Many argue that, demonetisation made a large chunk of black money to white. It is evident from the fact that the old currency returned crossed the GoI’s and central bank’s expectation. Also GoI came up with penalty schemes for very late. Still there is good thing to say. Central bank can estimate the actual money in circulation. Also high amount of black money can’t be spent again in bulk. Also accounts can be scrutinised for any irregularities any time.

Many argue this fight to black money was a failure because majority of black money had been invested in real estate or as gold. The answer to this is to wait and see. In a Govt. report, real estate is identified as one of the top eight sectors where black money is generated and stored. Economic survey 2016-17 suggests to introduce “property tax” and this if implemented will no doubt hurt such benami properties.

According to Alvin Toffler the illiterate of the 21st century will not be those who cannot read and write, but those who cannot learn, unlearn, and relearn. The resistance to change was another reason for opposing demonetisation. The adaptability to ‘new normal’ can be improved via making people familiarise with digitisation. It can be done via carrots like removing transaction tax from bank than the sudden stick like demonetisation. Also incorporation of regional languages in mobile phones needed to increase adaptability.

Media could have played a pro-active role in this behavioral change. But what media done is sensationalising news and creating panic and even propagating fake news. For example there was fake news like GoI will increase tax slab to appease people.

Economic survey 2016-17 talks about “missing tax payers”: “Only 4% of the population pays direct tax in India. Missing taxpayers are not those who are evading taxes altogether or under-reporting taxes but those who have legitimately gone under the tax radar due to “generous” government policy. We ask how many taxpayers there would have been in 2012-13 if the threshold had been maintained at Rs. 1,50,000 (the threshold limit in 2008-09). We find that there would have been an additional 1.65 crore units incorporated within the taxation system (an addition of about 39.5 percent)”

The important feature of direct tax is, it is progressive ie as income increases tax rate increases. Thus increasing direct tax base gives Govt. room to rationalise indirect tax, which is not progressive in nature. Both poor and rich pays equal tax for 1 kg apple, thus it hurts the poor more. Thus by this digitisation drive, GoI tries to avoid tax evasion and increase tax base and promote a culture of tax-paying.

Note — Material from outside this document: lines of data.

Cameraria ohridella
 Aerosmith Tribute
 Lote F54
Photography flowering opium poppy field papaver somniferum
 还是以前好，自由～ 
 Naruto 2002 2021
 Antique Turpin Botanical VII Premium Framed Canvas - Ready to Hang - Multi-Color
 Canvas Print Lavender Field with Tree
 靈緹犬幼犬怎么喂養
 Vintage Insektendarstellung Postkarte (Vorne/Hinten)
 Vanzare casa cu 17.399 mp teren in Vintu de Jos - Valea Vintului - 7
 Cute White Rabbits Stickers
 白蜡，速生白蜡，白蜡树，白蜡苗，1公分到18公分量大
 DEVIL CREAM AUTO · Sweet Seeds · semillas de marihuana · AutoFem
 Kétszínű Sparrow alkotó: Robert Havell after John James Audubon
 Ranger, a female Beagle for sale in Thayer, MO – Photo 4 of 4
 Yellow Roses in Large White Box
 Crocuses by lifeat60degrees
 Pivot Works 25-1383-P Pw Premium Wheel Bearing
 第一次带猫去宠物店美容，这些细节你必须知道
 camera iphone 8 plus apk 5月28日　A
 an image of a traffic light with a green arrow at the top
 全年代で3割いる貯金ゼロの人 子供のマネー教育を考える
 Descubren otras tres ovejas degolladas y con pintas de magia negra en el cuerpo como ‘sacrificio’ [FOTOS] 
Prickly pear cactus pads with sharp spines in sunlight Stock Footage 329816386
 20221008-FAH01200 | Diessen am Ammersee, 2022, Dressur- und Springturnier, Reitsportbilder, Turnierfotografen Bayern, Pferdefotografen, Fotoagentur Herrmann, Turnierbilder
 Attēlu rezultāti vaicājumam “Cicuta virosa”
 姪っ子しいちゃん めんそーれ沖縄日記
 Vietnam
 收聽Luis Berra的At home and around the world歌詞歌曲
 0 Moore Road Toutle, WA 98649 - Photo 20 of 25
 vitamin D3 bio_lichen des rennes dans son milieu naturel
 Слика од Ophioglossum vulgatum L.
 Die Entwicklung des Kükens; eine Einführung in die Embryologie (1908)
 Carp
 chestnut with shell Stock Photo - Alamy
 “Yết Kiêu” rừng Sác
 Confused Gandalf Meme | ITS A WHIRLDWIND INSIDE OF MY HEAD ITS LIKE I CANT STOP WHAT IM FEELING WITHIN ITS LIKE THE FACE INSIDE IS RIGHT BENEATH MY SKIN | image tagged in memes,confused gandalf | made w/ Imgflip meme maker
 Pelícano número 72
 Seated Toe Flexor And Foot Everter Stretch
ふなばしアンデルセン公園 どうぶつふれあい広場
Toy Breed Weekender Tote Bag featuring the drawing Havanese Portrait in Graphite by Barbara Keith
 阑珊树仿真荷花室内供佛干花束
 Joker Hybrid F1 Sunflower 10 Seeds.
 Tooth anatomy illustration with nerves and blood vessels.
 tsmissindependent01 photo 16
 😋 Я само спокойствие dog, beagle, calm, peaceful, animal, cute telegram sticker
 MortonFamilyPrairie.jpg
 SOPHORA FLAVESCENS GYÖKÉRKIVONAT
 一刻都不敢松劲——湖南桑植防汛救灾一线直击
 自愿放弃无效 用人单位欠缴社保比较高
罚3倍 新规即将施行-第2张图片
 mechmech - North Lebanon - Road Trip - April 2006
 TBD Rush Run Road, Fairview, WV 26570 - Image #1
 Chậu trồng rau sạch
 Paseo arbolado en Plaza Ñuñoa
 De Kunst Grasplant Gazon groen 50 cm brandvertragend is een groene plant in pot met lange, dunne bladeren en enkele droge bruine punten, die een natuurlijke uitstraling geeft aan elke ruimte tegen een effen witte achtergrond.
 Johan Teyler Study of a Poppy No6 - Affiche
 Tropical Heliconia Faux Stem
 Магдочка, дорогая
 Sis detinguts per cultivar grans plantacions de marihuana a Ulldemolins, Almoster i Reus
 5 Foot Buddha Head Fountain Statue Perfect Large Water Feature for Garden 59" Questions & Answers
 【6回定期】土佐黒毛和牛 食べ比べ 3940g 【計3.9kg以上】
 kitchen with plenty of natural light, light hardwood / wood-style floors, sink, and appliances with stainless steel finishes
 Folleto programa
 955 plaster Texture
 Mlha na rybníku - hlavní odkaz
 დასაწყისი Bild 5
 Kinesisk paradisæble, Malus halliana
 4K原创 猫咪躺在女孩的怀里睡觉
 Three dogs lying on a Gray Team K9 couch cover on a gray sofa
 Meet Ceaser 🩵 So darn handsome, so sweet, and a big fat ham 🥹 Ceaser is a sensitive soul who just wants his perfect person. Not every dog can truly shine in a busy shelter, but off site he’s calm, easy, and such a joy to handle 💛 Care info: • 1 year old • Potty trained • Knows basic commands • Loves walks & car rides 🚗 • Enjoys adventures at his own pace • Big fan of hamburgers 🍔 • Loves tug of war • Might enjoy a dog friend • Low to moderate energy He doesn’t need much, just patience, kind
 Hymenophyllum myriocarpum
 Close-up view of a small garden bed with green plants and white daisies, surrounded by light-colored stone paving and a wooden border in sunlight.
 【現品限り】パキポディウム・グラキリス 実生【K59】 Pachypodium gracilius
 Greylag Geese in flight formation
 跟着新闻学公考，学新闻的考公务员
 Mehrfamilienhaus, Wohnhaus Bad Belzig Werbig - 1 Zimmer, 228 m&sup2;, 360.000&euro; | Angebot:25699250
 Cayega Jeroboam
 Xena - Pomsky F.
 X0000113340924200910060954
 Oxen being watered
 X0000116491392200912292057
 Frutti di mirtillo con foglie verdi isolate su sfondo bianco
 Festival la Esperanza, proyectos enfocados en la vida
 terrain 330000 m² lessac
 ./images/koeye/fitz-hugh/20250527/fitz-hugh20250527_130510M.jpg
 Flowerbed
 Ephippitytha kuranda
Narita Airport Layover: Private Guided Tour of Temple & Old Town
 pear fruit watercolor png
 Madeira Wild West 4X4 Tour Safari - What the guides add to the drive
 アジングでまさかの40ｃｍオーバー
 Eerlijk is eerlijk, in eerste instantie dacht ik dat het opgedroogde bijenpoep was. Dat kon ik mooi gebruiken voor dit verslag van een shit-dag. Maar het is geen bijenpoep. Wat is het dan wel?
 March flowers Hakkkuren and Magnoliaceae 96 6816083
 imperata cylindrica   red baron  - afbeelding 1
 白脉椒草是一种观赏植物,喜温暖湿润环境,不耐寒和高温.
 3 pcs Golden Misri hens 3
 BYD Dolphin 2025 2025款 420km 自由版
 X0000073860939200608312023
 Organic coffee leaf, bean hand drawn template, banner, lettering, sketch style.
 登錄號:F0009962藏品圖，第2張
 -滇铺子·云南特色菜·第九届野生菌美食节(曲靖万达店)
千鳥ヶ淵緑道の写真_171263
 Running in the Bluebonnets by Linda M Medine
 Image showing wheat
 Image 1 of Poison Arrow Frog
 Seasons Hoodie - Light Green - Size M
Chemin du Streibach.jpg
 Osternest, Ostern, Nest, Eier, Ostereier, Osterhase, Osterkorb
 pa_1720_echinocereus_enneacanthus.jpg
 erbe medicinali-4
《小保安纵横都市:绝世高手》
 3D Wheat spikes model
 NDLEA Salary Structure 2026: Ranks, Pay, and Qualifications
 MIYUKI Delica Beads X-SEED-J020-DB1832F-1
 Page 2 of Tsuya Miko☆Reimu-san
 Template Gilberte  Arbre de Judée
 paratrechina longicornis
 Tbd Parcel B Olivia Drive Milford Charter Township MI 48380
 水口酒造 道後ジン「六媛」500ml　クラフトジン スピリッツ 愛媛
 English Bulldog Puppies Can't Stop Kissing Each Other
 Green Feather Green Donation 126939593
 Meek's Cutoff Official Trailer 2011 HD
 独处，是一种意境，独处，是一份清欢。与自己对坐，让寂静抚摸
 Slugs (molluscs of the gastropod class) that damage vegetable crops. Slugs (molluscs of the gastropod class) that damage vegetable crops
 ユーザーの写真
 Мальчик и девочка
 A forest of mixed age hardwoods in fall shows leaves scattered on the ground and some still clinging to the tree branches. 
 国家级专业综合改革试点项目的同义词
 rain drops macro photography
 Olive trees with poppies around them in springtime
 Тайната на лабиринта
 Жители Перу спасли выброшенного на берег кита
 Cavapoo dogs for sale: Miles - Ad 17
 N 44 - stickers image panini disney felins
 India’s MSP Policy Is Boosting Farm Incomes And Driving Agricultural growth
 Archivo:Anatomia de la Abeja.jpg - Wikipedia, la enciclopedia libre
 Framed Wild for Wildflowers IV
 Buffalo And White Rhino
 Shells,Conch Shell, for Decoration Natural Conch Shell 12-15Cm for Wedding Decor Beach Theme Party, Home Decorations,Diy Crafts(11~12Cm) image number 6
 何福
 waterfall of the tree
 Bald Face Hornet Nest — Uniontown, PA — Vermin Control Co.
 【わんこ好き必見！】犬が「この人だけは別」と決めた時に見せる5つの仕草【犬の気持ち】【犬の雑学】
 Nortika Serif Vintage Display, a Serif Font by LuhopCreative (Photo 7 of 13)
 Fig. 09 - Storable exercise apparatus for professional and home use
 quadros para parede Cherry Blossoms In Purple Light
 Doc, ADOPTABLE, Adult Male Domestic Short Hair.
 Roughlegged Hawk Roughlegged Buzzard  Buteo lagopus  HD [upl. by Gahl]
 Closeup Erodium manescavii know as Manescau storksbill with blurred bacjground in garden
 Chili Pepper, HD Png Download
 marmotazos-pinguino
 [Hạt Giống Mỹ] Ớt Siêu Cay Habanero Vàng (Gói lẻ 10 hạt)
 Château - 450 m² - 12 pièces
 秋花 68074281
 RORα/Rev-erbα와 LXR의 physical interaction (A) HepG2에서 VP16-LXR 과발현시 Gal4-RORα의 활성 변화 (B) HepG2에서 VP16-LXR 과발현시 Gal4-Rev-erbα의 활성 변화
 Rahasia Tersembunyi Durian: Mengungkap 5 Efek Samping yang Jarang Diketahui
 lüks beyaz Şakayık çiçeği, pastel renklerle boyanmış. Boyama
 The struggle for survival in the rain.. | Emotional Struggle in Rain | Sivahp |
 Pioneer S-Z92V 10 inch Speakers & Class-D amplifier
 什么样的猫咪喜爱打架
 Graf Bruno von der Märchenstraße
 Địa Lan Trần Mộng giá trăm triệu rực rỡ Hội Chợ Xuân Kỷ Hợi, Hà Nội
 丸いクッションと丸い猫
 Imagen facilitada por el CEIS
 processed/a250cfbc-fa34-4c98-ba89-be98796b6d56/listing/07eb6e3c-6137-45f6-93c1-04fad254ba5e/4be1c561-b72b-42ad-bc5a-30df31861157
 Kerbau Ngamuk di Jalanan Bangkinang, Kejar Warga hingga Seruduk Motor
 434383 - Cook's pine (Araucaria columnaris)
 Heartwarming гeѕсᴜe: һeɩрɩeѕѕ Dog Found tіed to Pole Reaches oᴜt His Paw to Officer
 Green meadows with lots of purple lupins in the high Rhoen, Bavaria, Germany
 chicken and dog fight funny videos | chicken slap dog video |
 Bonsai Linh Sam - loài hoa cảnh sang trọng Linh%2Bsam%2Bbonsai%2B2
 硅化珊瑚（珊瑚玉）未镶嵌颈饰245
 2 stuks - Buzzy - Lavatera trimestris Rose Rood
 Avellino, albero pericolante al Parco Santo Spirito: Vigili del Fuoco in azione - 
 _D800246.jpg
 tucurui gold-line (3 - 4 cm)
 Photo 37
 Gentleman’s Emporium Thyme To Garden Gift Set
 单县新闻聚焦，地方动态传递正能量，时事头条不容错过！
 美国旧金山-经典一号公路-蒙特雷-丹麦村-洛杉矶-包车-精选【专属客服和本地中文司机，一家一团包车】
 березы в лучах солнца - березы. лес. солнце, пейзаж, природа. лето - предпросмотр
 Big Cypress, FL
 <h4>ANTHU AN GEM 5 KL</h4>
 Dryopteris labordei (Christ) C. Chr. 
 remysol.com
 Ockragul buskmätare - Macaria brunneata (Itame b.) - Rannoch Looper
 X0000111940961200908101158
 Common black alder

Economic survey 2016-17 provides another interesting observation: “The history of Europe and the US suggests that typically, states first provide essential services (physical security, health, education, infrastructure, etc.) before they take on their redistribution role. A corollary is that if the state's role is predominantly redistribution, the middle class will seek - in Professor Albert Hirschman's famous terminology - to exit from the state. They will avoid or minimise paying taxes; they will cocoon themselves in gated communities; they will use diesel generators to obtain power; they will go to private hospitals and send their children to private education institutions. By reducing the pressure on the state, middle class exit will shrink it, eroding its legitimacy further, leading to more exit and so on. All these pathologies are evident in India.” Thus paying tax can also be seen as measure of accountability of state.


French economist Thomas Piketty (the author of “ Capital in 21st Century”) reiterated these by saying that Indian middle class need to contribute more like their European counterparts had done. Thus a digital economy drive is the step in this right direction where Govt. can provide services with minimum leakage and ensure citizens paying the tax which will ensure long term growth and make India a developed nation.